Wenn ja, wie viele Strafuntersuchungen wird es diesmal geben? Wie viele Verurteilungen? Hält sich der Schnitt, werden es ein paar Dutzend Untersuchungen und eine Handvoll Verurteilungen sein, am Schluss.

Schliesslich ist auch hier auffällig, dass es mit schöner Regelmässigkeit die Konkurrenten der grössten Schwarzgeldbunker, der grössten Geldwaschmaschinen der Welt erwischt. Nämlich der USA und von Grossbritannien. Obwohl fast die gesamte lateinamerikanische Drogenmafia ihren Geldhaushalt via US-Finanzdienstleister regelt, hat es noch nie einen solche Hack dort gegeben. Obwohl diverse Bundesstaaten der USA bis heute unversteuerte Gelder ohne die geringsten Fragen zu stellen empfangen, gab es noch nie ein Leak in Delaware.
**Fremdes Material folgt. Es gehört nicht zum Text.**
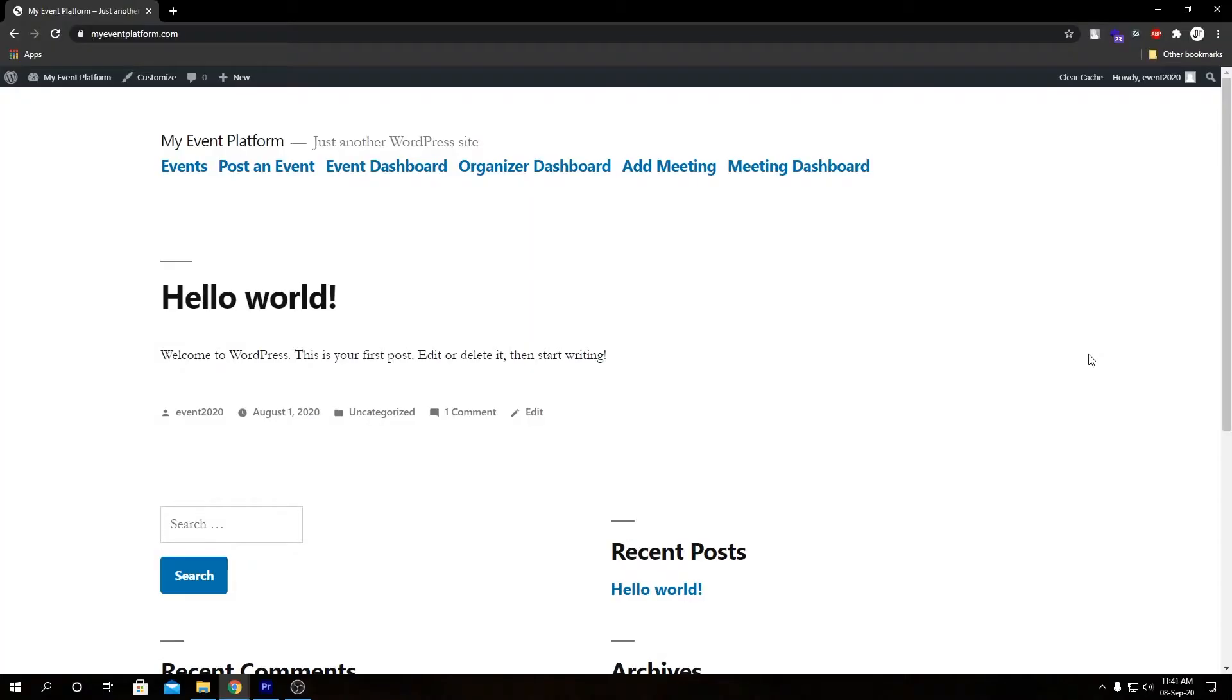Hey guys, welcome back to Develop Event Manager. In this video we're going to talk about how we can add an event from WordPress front-end side. Let me first talk about how this scenario is helpful and why we want to do that actually.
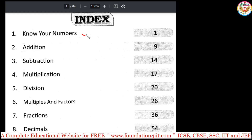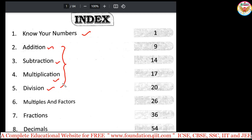The first chapter is 'Know Your Numbers' — all the basics of numbers concepts you should learn. Then basic fundamental operations: addition, subtraction, multiplication, and division. Various questions and so many worksheets are provided. Along with basic fundamental operations, different types of questions are also covered.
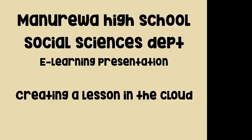Hello, welcome to this Manureiwa High School Social Sciences Department eLearning presentation. This is on how to create a lesson in the cloud.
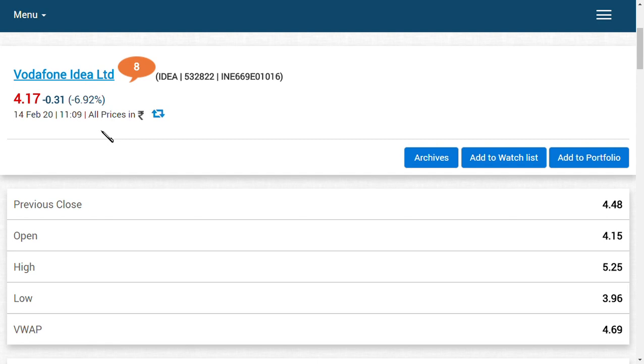The second point you should note is that the final AGR hearing is on March 13, 2020. You should know the main fact that this morning it was 5.20, now it is 4.20. The game has really started in Vodafone Idea.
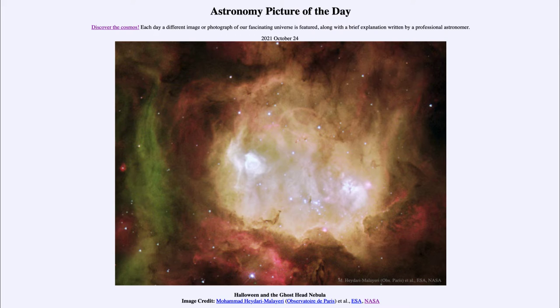Like our own galaxy, the Large Magellanic Cloud is also undergoing star formation. It's classified as an irregular galaxy, so star formation in those types of galaxies is relatively common.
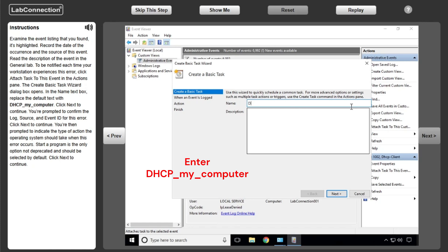To be notified each time your workstation experiences this error, click Attach Tasks to this event in the Actions pane. The Create Basic Task Wizard dialog box opens.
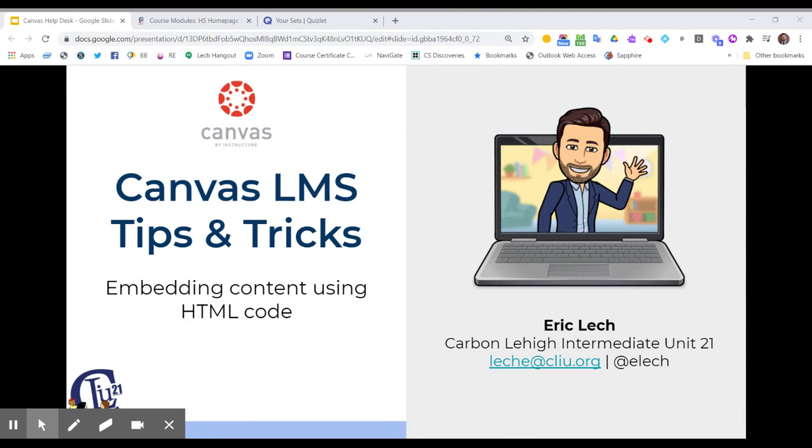Greetings from Carbon Lehigh Intermediate Unit. My name is Eric Lech. I'm the Director of Curriculum and Instruction and Educational Technologies, and I'm here today to present some Canvas LMS tips and tricks.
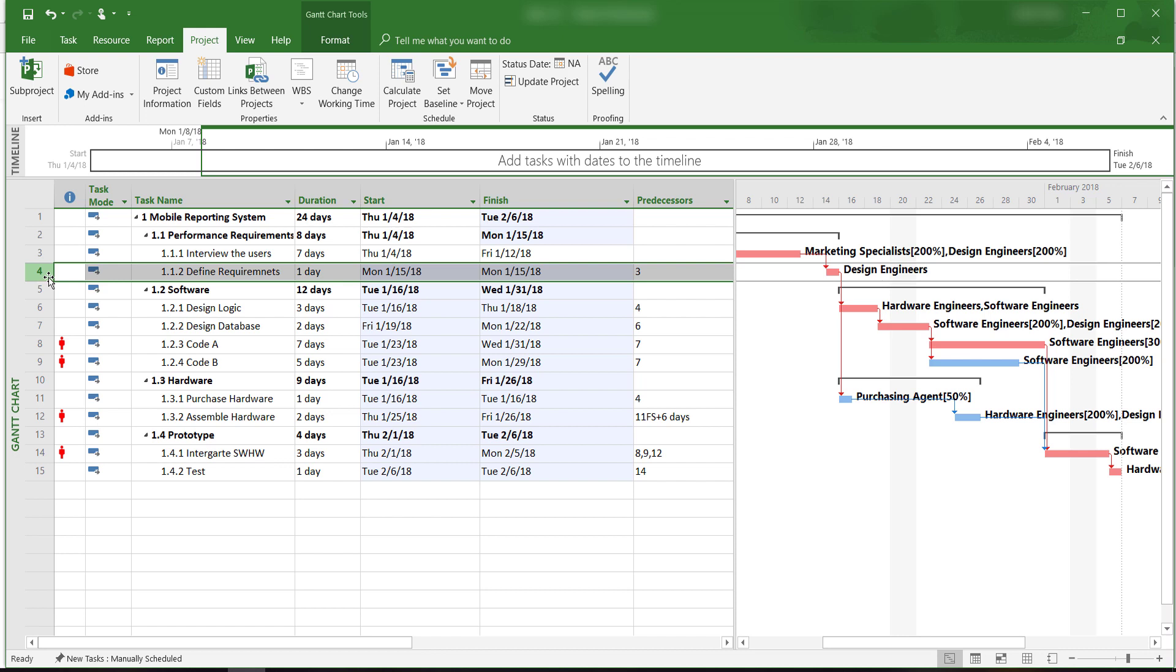For example, Activity 4, Define Requirements, is a critical burst activity. It's a predecessor of Activity 6, Design Logic, and 11, Purchase Hardware.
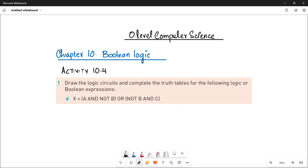Assalamu Alaikum, this is Farwa Batul, your O-level Computer Science instructor, and welcome to another video of Chapter 10: Boolean Logic. We are doing question number one, part D of Activity 10.4. The question asks you to draw the logic circuits and complete the truth tables for the following Boolean expression. You are given a logic expression and you have to make a logic circuit and truth table for it.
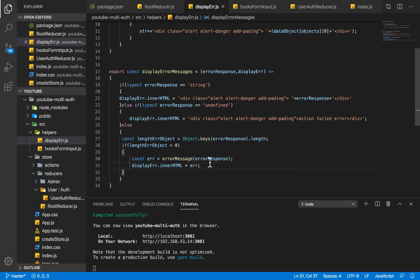Hello guys, welcome once again to my channel. In the last video we looked at our helper functions, one of which was our custom hook function. In this video we are going to be looking at our routes. Basically, the route aspect of this application is going to be the foundation towards the registration and logging.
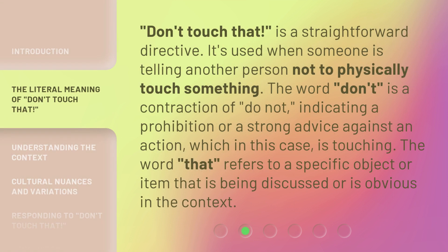'Don't touch that' is a straightforward directive. It's used when someone is telling another person not to physically touch something. The word 'don't' is a contraction of 'do not,' indicating a prohibition or a strong advice against an action, which in this case is touching. The word 'that' refers to a specific object or item that is being discussed or is obvious in the context.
Reiner Zufall? Wer an den Osterhasen plus Weihnachtsmann glaubt, mag das so sehen. Sind das alles Gründe, von einer Veröffentlichung abzusehen? Gute Frage. Es ist eindeutig Hehlerware, es ist eindeutig ein Diebstahl, es sind eindeutig Daten, die nicht nur in der Schweiz von Gesetzes wegen geschützt sind

Dass Tamedia sich fröhlich am Ausschlachten beteiligt, wenn es nach der Devise «weit weg, und wo kein Kläger ist …» gefahrlos möglich ist, hier aber feige zurücktritt, wo es strafrechtliche Konsequenzen haben könnte, ist schwach. Stattdessen zu fordern «Die Medien müssen recherchieren dürfen», hat etwas leicht Lächerliches.

Denn natürlich dürfen sie das, wie gerade der Schreiber des Kommentars, Tamedia-Oberchefredaktor Arthur Rutishauser, aus eigener Erfahrung weiss. Allerdings ist die Verwendung von Hehlerware mit legalen Risiken verbunden. Das ist in einem Rechtsstaat so, zudem ist’s nicht Neues.

Ein Geschrei anzustimmen, dass Schweizer Gesetze Schweinebacken mit ihren Bankkonten schützen, ist daher völlig verfehlt.